Would there be appetite for such a contribution?

6 Likes

@sj26 we are running into this issue as well. Do you have an example of how you apply the this ConnectionAdapter?

1 Like

Am also in need of this feature, and for the exact same reasons as stated by OP.

I think this is very import for large rails application, for now, we have to use pgbouncer to low down the connection pool issue.

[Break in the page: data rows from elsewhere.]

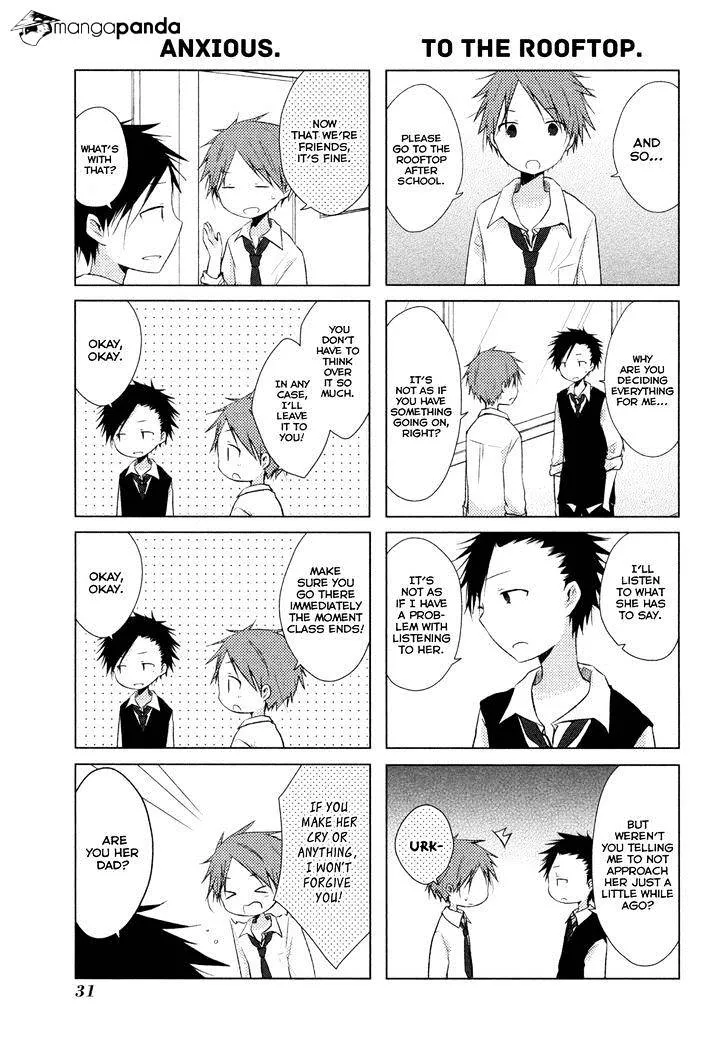 Read Isshuukan Friends. chapter 23 image 8 on Lezhin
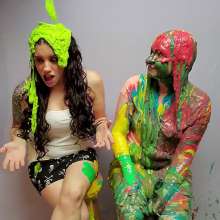 The Man and The Wife: New Download: 'Ellie's Slime Time'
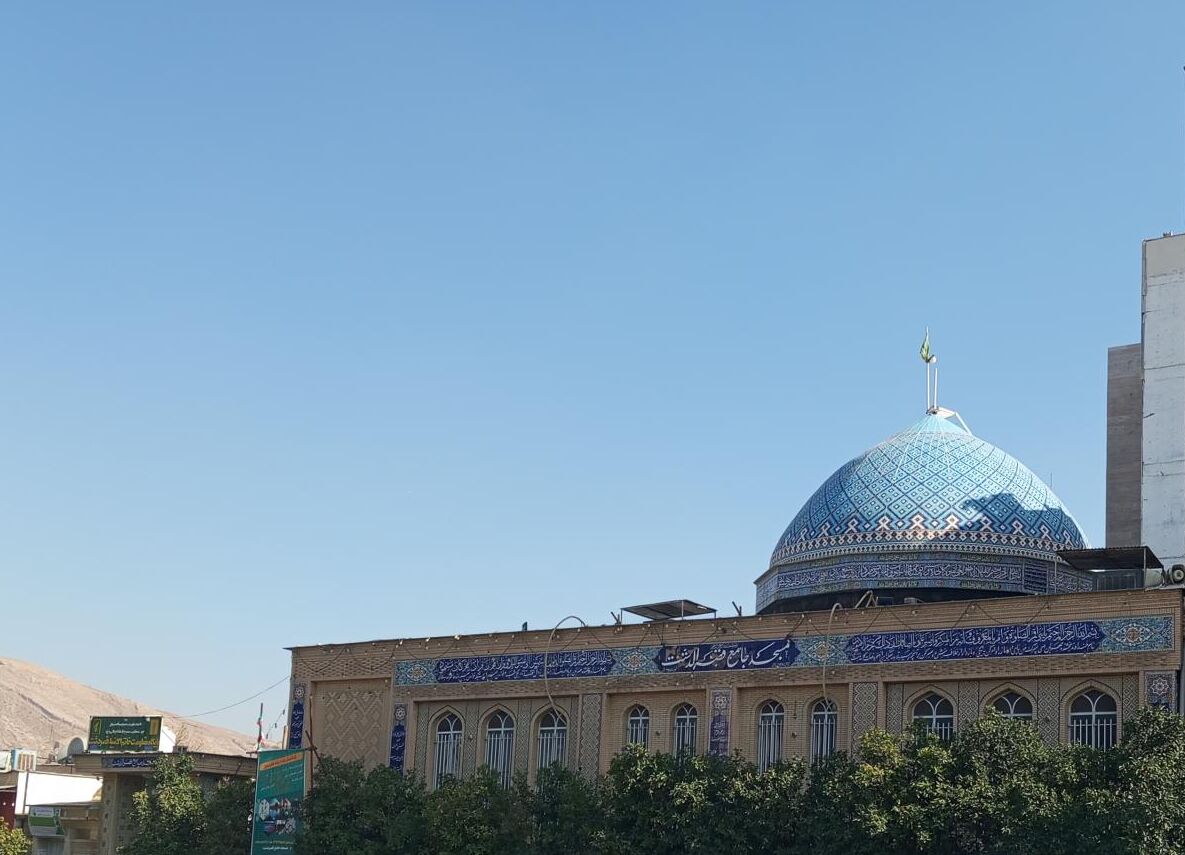 مسجدی در دل باغهای شیراز؛ رازهای پنهان مسجد جامع قصرالدشت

Interesting. Well, I guess this hasn’t gotten a lot of traction in the last 2 years. However, it’s an interesting topic to me. In case your team or another team is pursuing this, here are some additional questions:

  • Are there other infrastructure alternatives like haproxy, that have a native connection lifetime/max duration concept? The RFC may be strengthened by listing alternatives, and then comparing them to your proposed solution.
  • Could this be implemented as an extension to active record, rather than in core active record, since it might not be useful generally? Most of the time I think the connections are either actively in use, or the active record connection pool client connections are open, but in an idle state, and the idle_timeout should reap them when that time is reached (300 seconds by default).
  • Is this unlikely to gain core acceptance, because it’s limited to PostgreSQL/pgbouncer only?
  • Would the lifetime/duration work the same way when directly connected to the database, as opposed to when connected through pgbouncer?